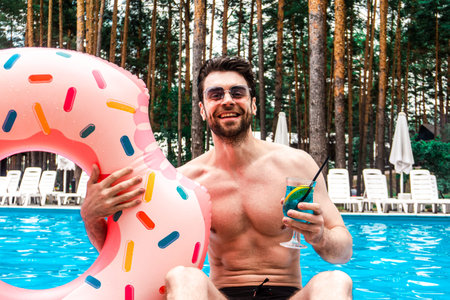 Happy young man holding inflatable ring and cocktail while resting in the swimming pool outdoors....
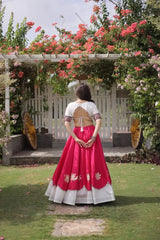 Traditional White and Hot Pink Designer Lehenga Set with Embroidered Blouse, Broad Contrast Border, and Elegant Celebration Wear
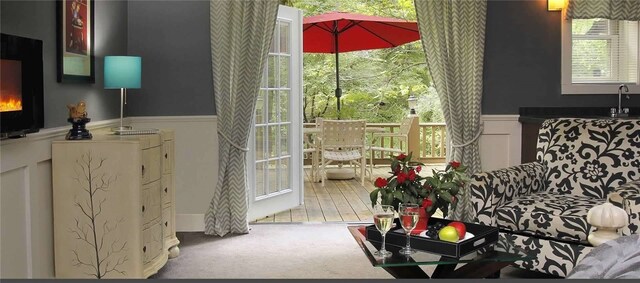 carpeted living room featuring sink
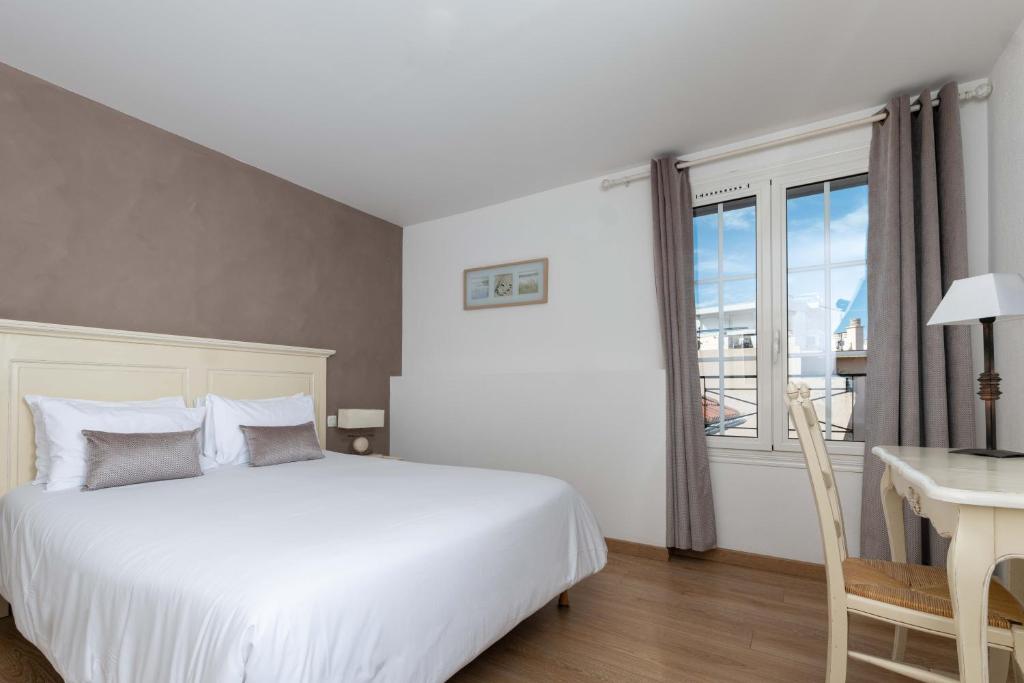 a bedroom with a bed and a desk and a window at Hôtel Beau Site - Cap d'Antibes in Antibes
########################################
What you will do ▸
The material should be duplicated word for word, with no images included.

Answer box ▸
 Happy young man holding inflatable ring and cocktail while resting in the swimming pool outdoors....
 Traditional White and Hot Pink Designer Lehenga Set with Embroidered Blouse, Broad Contrast Border, and Elegant Celebration Wear
 carpeted living room featuring sink
 a bedroom with a bed and a desk and a window at Hôtel Beau Site - Cap d'Antibes in Antibes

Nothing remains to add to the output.